Chevrolet has removed a TV commercial that says the automaker is “more reliable” than its competitors after Honda challenged the accuracy of the Detroit company’s ad.
“Chevrolet stands by the reliability claim and the ad remains in the brand’s toolbox but we have decided to take it out of the regular rotation at this time to launch new Silverado creative,” Chevrolet spokeswoman Afaf Farah said in a statement sent to TheWrap. “We have not altered our marketing campaign because of any concerns with the accuracy of our ad content.”
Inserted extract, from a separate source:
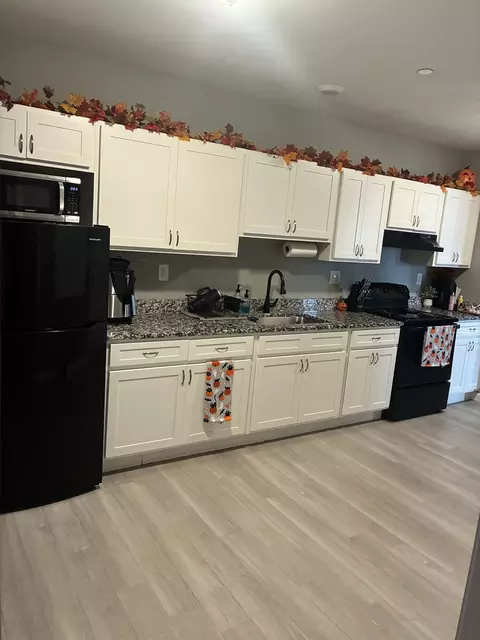 97 Alderman St, Springfield, MA 01118 photo 4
The 60-second spot, which began airing this month, made the case that buyers made the wrong car choice based on data from a survey about reliability. The ad shows Honda, Toyota and Ford owners expressing their shock and disappointment as covers of vehicles are removed to reveal that theirs were not the top choice.
But a problem came when a reporter from auto-focused website Jalopnik looked under the hood of the survey, conducted by market research firm Ipsos, the ad was referencing. It argued that the data Chevy used in its TV commercial was misleading at best.
“The survey was sent in 2018 to owners of 2015 model year cars, and the reporting of the ‘repairs in the past 12 months’ relates to those 2015 cars in their third year of service,” Jalopnik reported. “Fewer than 49,000 respondents completed them out of 840,000.”
Chevy’s competition noticed the ads and called out the automaker.
“It’s understandable that the ‘real people’ in the commercial would be surprised with Chevrolet’s claim of being the most reliable car brand. Because it’s not the case,” Mike Levine, the North American communications manager for Ford, wrote on his Twitter account. “They have agreed to take these false and misleading ads down and we’d like to see that happen immediately.”
It’s understandable that the ‘real people’ in the commercial would be surprised with Chevrolet’s claim of being the most reliable car brand. Because it’s not the case. They have agreed to take these false and misleading ads down and we’d like to see that happen immediately.
— Mike Levine (@mrlevine) January 16, 2019
The ads, which were previously posted on the company’s YouTube page, are no longer available.